Saat Depresi Mengenalkanmu Pada Filsafat Stoa

Halo semua, saya akan mencoba membuat tulisan pengantar tentang sebuah aliran filsafat. Namanya Filsafat stoicism. sebutan lainnya yaitu filosofi Stoa (alasanya biar lebih mudah diucapkan). Adapula yang menyebutnya Filosofi Teras, diambil dari penerjemahan Stoic = teras. Untuk pengertian, sejarah dan para pemikir dari aliran filsafat ini, bisa teman-teman cari nantinya di mesin pencari google atau akan kita bahas di tulisan selanjutnya

Saya sendiri menemukan Stoa ini di saat saya sedang mengalami kondisi yang sangat berat dalam hidup saya. entah kondisinya sudah bisa dikatakan depresi atau belum, saya tidak tahu pasti.
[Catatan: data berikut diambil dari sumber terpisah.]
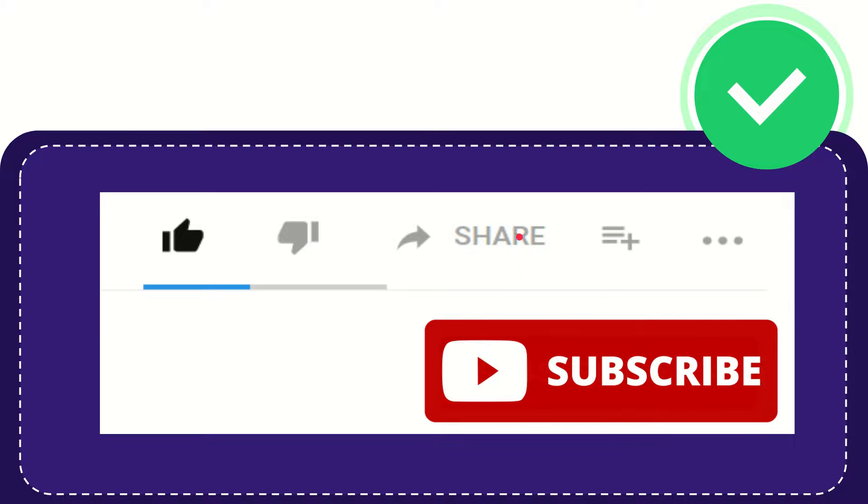I think that's all of it thank you so much for watching this video and see you again in another video bye bye see you again.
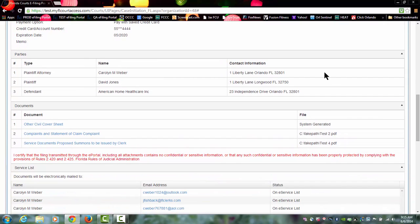These are the parties that you added to your case. You have your plaintiff, your defendant, and the plaintiff's attorney for case initiation.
Mengutip dari data yang dirilis melalui detik.com per 2019 lalu, "Di Indonesia, saat itu diperkirakan terdapat sekitar 15,6 juta penduduk yang mengalami depresi. Angka ini terus meningkat dan menempatkan depresi menjadi penyakit dengan kasus kedua tertinggi setelah penyakit jantung". Ngeri ya? 😢

Di tengah wabah pandemi yang masih ada sampai 2021 ini, sudah bisa ditebak bahwa angka ini pasti meningkat dengan sangat drastis. itulah mungkin mengapa, hari ini saya melihat pembahasan mengenai hal-hal seperti filosofi Stoa ini mulai bermunculan.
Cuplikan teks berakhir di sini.